You are asked to reproduce the listing exactly and to omit its pictures.

Top of Source data

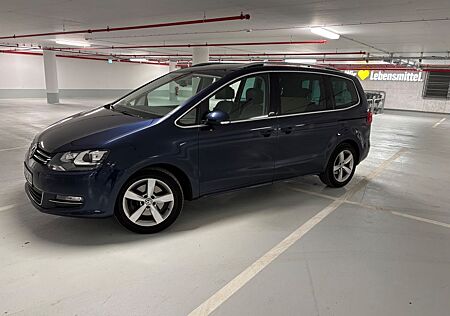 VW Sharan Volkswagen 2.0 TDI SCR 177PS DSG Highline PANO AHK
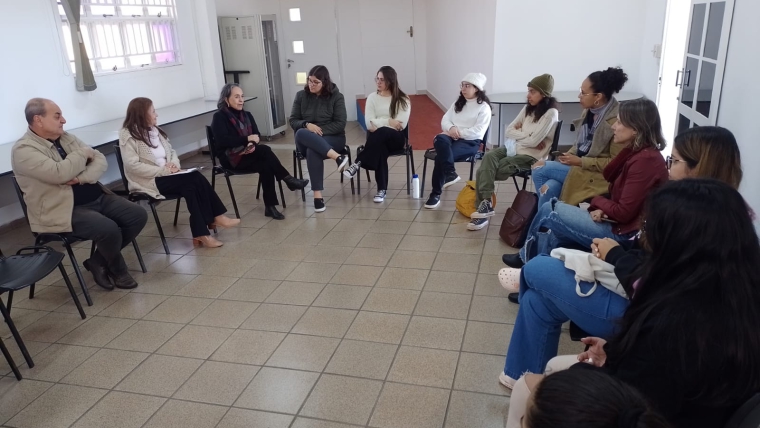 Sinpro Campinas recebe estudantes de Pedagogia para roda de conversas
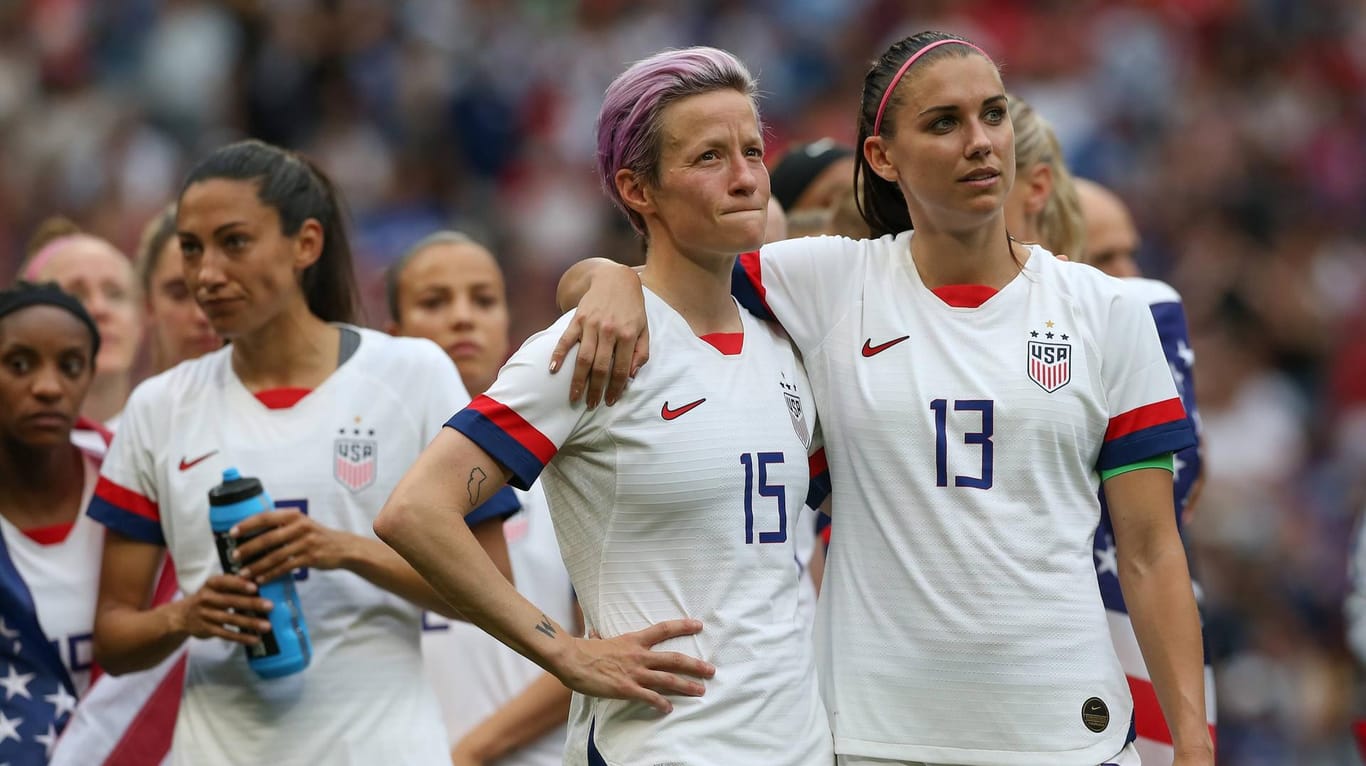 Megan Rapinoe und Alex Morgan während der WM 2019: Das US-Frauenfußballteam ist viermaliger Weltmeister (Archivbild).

Bottom of Source data

◆ **Result of this task**
 VW Sharan Volkswagen 2.0 TDI SCR 177PS DSG Highline PANO AHK
 Sinpro Campinas recebe estudantes de Pedagogia para roda de conversas
 Megan Rapinoe und Alex Morgan während der WM 2019: Das US-Frauenfußballteam ist viermaliger Weltmeister (Archivbild).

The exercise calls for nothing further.